Once I’d marveled at my new ink, a member of the aftercare team came to walk me through how to care for my new made-to-fade tattoo and gave me a bag of products to use. Tattoos at Ephemeral cost between $195 to $550, depending on the size and detail, and unlike most tattoo parlors, each tattoo price has the cost of aftercare products baked in.
Sakhai explains that this is because Ephemeral takes healing very seriously. “Healing is a critical part of how your tattoo will fade and look throughout its lifespan. If we want to give our customers the best possible product and tattoo, we have to stand for how it heals.

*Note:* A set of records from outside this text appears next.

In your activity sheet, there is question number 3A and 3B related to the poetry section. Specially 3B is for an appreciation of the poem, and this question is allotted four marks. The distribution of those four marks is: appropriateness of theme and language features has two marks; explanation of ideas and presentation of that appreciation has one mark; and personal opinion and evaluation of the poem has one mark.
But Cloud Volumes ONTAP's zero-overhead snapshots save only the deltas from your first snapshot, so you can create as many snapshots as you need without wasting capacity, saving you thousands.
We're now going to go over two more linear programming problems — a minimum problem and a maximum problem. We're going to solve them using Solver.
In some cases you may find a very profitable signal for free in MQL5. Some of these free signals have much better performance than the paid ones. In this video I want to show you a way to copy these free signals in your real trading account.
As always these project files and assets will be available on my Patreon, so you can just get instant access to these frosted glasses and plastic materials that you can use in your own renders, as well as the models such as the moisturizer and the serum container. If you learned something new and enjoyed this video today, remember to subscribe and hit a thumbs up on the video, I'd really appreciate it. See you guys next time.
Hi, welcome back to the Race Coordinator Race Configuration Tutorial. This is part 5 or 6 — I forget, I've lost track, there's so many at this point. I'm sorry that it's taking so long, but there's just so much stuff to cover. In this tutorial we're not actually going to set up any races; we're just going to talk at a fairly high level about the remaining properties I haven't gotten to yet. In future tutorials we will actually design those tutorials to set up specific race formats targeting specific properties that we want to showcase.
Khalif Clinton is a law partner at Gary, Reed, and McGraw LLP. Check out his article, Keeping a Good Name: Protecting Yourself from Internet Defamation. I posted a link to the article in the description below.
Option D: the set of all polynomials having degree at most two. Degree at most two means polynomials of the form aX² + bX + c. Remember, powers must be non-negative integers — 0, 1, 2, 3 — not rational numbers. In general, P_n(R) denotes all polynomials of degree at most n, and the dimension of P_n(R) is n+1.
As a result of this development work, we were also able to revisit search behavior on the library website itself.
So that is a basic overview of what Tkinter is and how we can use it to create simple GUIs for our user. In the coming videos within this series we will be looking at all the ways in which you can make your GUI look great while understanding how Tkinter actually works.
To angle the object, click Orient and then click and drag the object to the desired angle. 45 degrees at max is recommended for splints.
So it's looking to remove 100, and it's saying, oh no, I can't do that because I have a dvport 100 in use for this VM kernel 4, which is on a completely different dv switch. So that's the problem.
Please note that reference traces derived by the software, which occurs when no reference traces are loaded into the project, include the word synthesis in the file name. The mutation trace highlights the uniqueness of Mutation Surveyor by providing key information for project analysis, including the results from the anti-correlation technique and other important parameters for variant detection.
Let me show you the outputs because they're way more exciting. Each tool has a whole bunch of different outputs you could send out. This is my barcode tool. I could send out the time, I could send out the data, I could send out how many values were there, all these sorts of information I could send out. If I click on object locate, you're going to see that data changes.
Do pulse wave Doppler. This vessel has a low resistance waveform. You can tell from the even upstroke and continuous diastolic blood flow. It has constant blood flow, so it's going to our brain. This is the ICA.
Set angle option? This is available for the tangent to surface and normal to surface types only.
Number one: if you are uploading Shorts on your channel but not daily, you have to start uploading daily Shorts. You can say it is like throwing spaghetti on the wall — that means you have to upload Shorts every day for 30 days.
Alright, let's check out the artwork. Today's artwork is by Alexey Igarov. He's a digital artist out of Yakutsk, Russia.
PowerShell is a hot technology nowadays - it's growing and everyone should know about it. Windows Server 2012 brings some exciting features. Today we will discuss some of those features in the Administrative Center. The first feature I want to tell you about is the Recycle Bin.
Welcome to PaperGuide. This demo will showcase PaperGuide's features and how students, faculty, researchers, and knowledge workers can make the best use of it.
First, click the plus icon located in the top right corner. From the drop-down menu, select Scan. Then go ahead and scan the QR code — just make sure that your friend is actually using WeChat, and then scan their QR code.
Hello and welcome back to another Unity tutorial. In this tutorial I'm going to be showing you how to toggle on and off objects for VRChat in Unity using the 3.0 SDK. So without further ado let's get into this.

We have done a lot of research into the best materials and work with our dermatologists in order to handpick the best things for your tattoo to heal.”
Aftercare for Ephemeral tattoos is a bit different from a normal tattoo, so this is extra important. Immediately after application, the aftercare specialist covered my tattoo with a hydrocolloid bandage and walked me through a presentation of how my tattoo would look over the course of the healing process so I wouldn’t get freaked out by any surprises.
After 48 hours, I’m supposed to remove it in the shower, then cover it with a new hydrocolloid patch, and then after another 48 hours, I can wash with Dr. Bronner’s soap and moisturize with Vanicream. (FYI: All of these products are good to keep in your arsenal anyway.)
I love my little rose, and I can’t wait to show it off for the next year (give or take). So far, the only unpleasant part of my experience is how gross my new ink looks under the hydrocolloid bandage. (I’ll spare you a photo, but there’s blue-ish white fluid covering the tattoo). Luckily, that part won’t be permanent.
It’s important to note that fading isn’t perfect. Some people may experience hyperpigmentation (where skin becomes darker) or hypopigmentation (where skin becomes lighter) for longer than 15 months. Ephemeral assured me that even if either of these conditions happens, they go away too. It just may be a longer healing process.
I’d recommend getting an Ephemeral tattoo to anyone who wants a tattoo but is scared of commitment and is willing to pay the price of a normal tattoo for one that only lasts a year. It’s also a good way to trial a tattoo you’re unsure about. Who knows? Maybe after a year, I’ll make this baby permanent. Or I’ll just keep getting made-to-fade roses until it’s basically permanent—dealer’s choice.